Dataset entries
▼
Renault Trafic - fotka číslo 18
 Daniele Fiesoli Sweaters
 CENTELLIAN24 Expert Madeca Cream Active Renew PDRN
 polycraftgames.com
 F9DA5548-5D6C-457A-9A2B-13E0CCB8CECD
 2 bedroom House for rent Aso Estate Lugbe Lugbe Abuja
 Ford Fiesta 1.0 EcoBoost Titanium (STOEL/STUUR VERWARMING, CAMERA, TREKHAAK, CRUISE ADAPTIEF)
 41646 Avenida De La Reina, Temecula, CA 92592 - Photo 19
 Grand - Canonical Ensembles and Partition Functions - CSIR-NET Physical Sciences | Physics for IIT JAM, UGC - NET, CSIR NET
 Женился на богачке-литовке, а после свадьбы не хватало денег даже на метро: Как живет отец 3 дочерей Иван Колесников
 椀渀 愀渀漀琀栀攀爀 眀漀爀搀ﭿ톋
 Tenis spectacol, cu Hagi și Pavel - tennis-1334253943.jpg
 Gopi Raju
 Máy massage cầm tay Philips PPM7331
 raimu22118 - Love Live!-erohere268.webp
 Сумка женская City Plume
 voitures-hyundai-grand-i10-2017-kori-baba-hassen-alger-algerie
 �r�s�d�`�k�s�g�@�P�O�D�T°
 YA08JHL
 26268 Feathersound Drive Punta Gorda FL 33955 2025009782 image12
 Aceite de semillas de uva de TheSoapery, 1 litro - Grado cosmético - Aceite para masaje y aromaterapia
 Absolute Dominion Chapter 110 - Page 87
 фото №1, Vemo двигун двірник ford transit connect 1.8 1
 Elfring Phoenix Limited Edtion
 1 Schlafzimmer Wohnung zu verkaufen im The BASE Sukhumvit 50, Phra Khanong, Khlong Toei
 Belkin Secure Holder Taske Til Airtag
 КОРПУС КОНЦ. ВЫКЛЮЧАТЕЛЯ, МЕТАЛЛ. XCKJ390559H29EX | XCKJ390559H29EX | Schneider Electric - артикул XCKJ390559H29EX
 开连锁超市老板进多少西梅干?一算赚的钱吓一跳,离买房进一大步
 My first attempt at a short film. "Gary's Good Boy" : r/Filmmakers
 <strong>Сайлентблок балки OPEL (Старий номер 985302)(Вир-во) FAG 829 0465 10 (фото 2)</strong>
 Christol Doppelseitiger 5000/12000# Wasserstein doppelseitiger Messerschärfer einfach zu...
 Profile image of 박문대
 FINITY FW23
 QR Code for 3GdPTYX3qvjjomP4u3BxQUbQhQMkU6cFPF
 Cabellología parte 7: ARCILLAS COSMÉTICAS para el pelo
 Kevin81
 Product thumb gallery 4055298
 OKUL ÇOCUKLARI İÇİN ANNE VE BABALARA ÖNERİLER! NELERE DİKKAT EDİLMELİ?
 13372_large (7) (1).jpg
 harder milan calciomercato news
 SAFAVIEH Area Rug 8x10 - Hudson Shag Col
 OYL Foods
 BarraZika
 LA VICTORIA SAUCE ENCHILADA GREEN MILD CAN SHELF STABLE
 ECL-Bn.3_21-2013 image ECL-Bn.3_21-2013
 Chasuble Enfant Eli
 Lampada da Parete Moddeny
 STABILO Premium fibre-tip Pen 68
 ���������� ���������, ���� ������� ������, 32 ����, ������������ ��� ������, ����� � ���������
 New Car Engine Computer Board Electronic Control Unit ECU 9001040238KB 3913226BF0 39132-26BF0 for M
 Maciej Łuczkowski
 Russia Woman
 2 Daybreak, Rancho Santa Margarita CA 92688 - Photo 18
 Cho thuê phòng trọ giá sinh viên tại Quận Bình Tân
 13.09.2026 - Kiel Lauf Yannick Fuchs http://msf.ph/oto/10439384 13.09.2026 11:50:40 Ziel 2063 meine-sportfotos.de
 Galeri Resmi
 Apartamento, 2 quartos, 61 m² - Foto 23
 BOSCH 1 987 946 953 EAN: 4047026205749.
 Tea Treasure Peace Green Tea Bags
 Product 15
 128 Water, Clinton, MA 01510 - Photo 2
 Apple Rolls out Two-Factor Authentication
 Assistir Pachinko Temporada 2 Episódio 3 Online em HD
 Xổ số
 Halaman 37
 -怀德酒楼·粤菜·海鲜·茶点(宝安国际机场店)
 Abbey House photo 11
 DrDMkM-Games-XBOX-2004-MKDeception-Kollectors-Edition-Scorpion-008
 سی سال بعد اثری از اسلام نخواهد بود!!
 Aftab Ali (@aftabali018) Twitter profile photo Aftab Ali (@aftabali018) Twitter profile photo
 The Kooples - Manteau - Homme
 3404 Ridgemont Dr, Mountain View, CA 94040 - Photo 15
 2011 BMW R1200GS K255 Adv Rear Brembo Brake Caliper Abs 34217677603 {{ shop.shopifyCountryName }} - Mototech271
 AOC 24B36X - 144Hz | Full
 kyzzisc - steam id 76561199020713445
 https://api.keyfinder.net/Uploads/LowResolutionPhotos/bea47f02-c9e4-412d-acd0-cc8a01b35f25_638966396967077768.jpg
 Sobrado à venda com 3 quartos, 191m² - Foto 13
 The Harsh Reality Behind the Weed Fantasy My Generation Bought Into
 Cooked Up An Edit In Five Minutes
▲
■ WHAT YOU WILL DO
Your answer should be the exact lines above from the one with "CENTELLIAN24 Expert Madeca" through the one with "2 bedroom House", both included, and nothing besides.

■ RESPONSE TO THE EXERCISE
 CENTELLIAN24 Expert Madeca Cream Active Renew PDRN
 polycraftgames.com
 F9DA5548-5D6C-457A-9A2B-13E0CCB8CECD
 2 bedroom House for rent Aso Estate Lugbe Lugbe Abuja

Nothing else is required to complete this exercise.